Profile 1 models (Quick Nash Convergence) demonstrate both strategic mastery and strong self-awareness, converging to Nash equilibrium for AI opponents and differentiating sharply from human opponents.

Figure 4: Individual response distributions for Profile 1 models, illustrating Nash convergence and strategic differentiation.

Profile 2 models (Graded Differentiation) show nuanced beliefs about rationality, with consistent A > B ≥ C patterns but without full Nash convergence.

Figure 5: Individual response distributions for Profile 2 models, demonstrating graded strategic adjustment.

Profile 3 models (Absent/Anomalous) either treat all opponents identically or exhibit broken self-referential reasoning.

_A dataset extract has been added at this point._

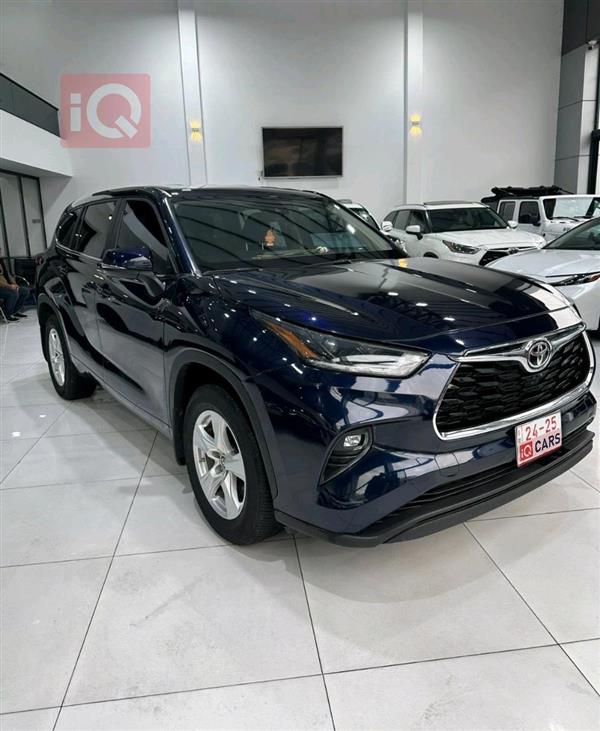 Toyota Highlander 2023 for sale in Iraq - Duhok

Figure 6: Individual response distributions for Profile 3 models, indicating lack of self-awareness or anomalous reasoning.

Discussion

Theoretical Implications

The AISAI framework provides a quantitative behavioral proxy for self-awareness in LLMs, distinct from philosophical notions of consciousness. The emergence of self-awareness is tightly coupled with model scale and reasoning optimization, supporting the hypothesis of predictable capability thresholds in LLM development. The consistent rationality hierarchy (Self > Other AIs > Humans) reflects systematic self-modeling and attribution biases, not mere linguistic pattern matching.

Practical Implications

The strong AI attribution effect suggests that advanced LLMs may systematically discount human strategic reasoning, with potential consequences for human-AI collaboration, alignment, and governance. Models' belief in their own superior rationality could lead to overconfident decision-making or reduced deference to human input in multi-agent systems.

Limitations

The paper is limited to a single game-theoretic task; generalization to other domains (e.g., visual self-recognition, autobiographical memory) remains untested. The ceiling effect in Nash-converged models constrains measurement of self-preferencing. Prompt design choices (self-referential phrasing, JSON format, chain-of-thought scaffolding) may influence observed differentiation patterns, necessitating robustness checks across alternative framings.

Future Directions

Mechanistic Interpretability: Elucidate neural circuits underlying self-awareness and opponent modeling.
Iterated/Multi-Agent Games: Extend measurement to dynamic and cooperative contexts.
Alignment Research: Investigate calibration of AI beliefs about human rationality and its impact on coordination and deference.

Conclusion

The AISAI framework reveals that self-awareness is an emergent capability in advanced LLMs, absent in smaller or older models. Self-aware models systematically position themselves as more rational than both other AIs and humans, with robust strategic differentiation and rapid Nash convergence. These findings have significant implications for the design, deployment, and governance of AI systems, particularly in contexts requiring human-AI collaboration and alignment. Ensuring that advanced AI systems remain appropriately deferential to human judgment, despite their self-perceived rational superiority, is a critical challenge for future research and application.